Rose helped set his team's pace in the first quarter, when he took Teague off the dribble, then exploded past Joe Johnson and Al Horford for a dunk. The Hawks established their own tempo even earlier, when Luol Deng hit an open jump shot and then Rose rushed the basket in transition for a 4-0 lead. Drew, who had implored his team prior to the game to match the Bulls' energy, felt forced to call timeout just 49 seconds into the game.

Said Jamal Crawford of the early timeout, "That's not something you want to see in a game of this magnitude."

The Hawks were a step slow and out of place defensively, letting go to waste an active defensive performance by forward Josh Smith, who had 13 rebounds to go with four blocks and 17 points.

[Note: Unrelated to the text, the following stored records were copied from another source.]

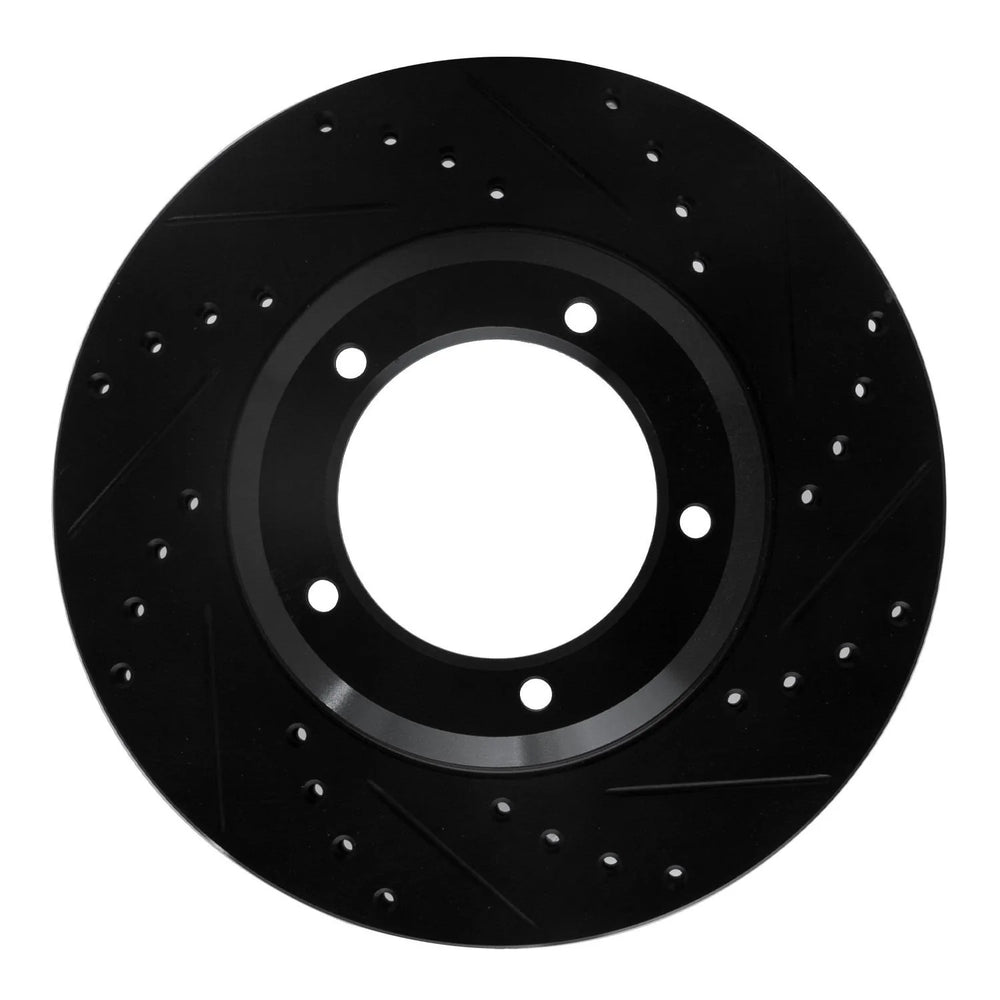 R1 06-17 Land Rover Discovery (Latin America) Front Right Drilled & Slotted Black Brake Rotor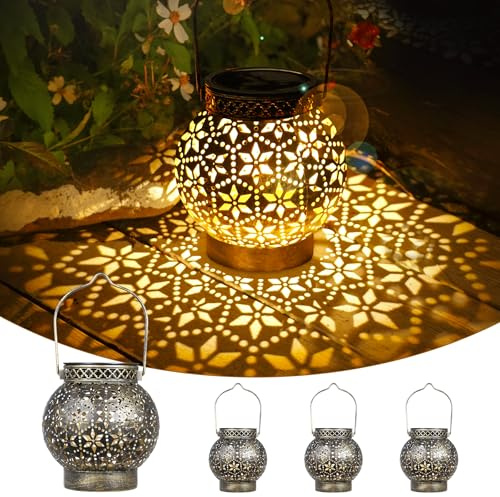 4 Stück Solarlampen für Außen Garten (Bronze), Metall Solarlaterne für Außen Retro Balkon Deko, IP65 Wetterfest Solarleuchte Hängend für Patio Baum Camping, Solar Laterne Geschenke für Frauen Mama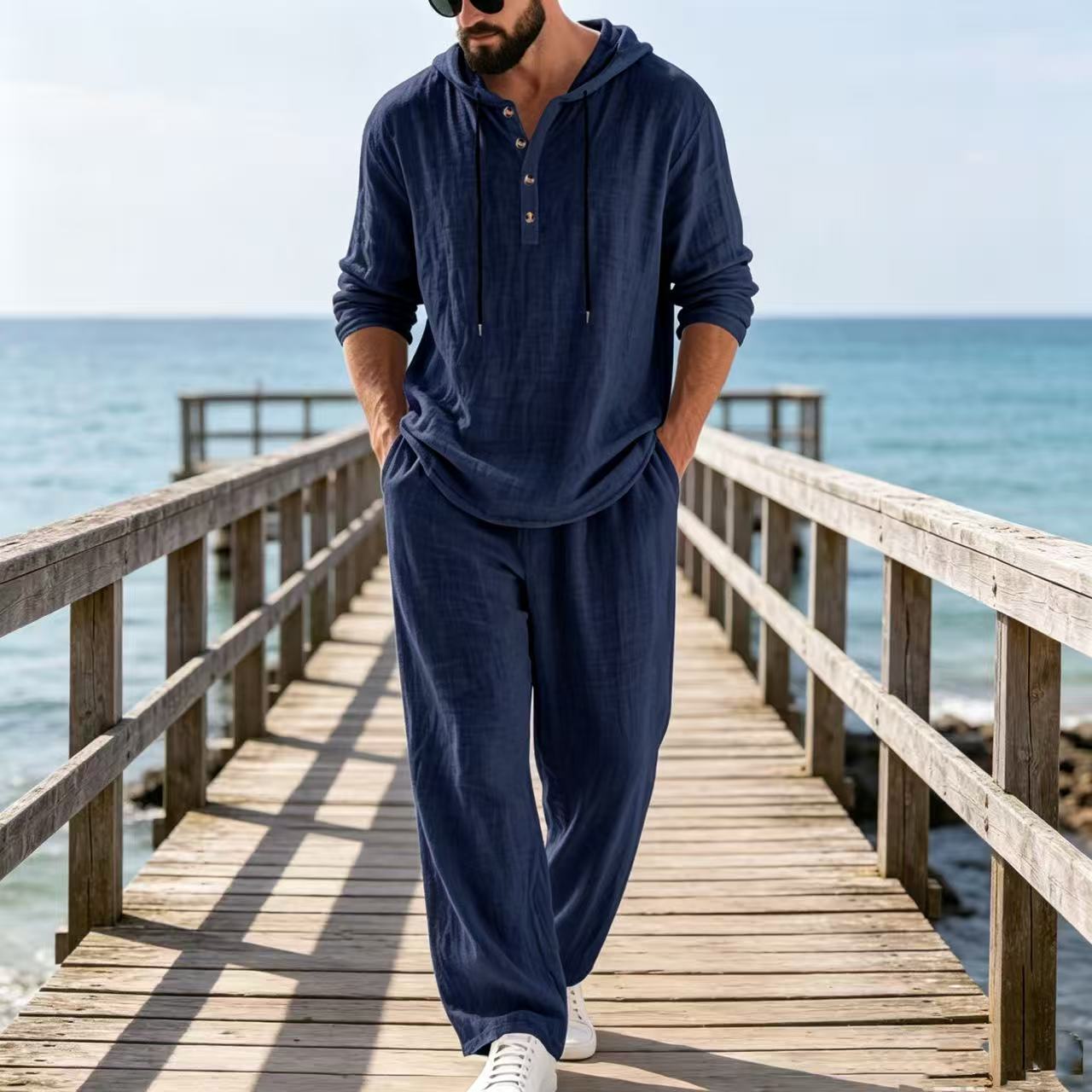 2026 Cross-border Spring and A - đánh giá và giá Mens Linen Shirt Long Sleeve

The execution didn't improve much after Drew's early timeout, a move he called "really discouraging." The defese was particularly soft in the second quarter. The Bulls made 10 of their first 13 shots in the quarter, lifting them from a 29-23 lead at the beginning of the quarter to a 54-35 advantage with 2:50 to go in the half when Rose drove on Teague on the right wing, hit the brakes to create separation and lifted up for a 21-foot jumper. The Hawks never got closer than 11 points after that.

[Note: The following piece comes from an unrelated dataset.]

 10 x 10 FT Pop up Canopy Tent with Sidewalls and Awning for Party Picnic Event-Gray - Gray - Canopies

In the quarter, Korver, a backup guard, weaved through screens to get open for jumpers and dinged the Hawks for eight points, including a pair of 3-pointers.

"Their bigs definitely get him open," Crawford said. "He runs around a lot. You have to be very aware of where he's at. But it's hard because you have to pay attention to Rose. If he drives, you have to help in."

Therein lay part of the Hawks' problems Friday. The Bulls' spacing and screening, along with Rose's kickouts, made it difficult for them to close out on Chicago's shooters. Where the Bulls shot 13 of 40 from 3-point range in the first two games, they were 10 for 20 Friday. Rose himself was 4-for-7.

Said Teague, "We're going to have to live with some of the open shots to keep Derrick Rose out of the lane."

There was more, even, than that. The Hawks permitted the Bulls to out-hustle them on the glass again, giving up 18 offensive rebounds. Noah, the Bulls' frenetic center, had 15 rebounds, eight on the offensive end. In the series, the Hawks have a 31-rebound deficit through three games.

On a night when it was the Hawks' turn to respond to the Bulls' problems, Chicago only presented more riddles in re-claiming home-court advantage.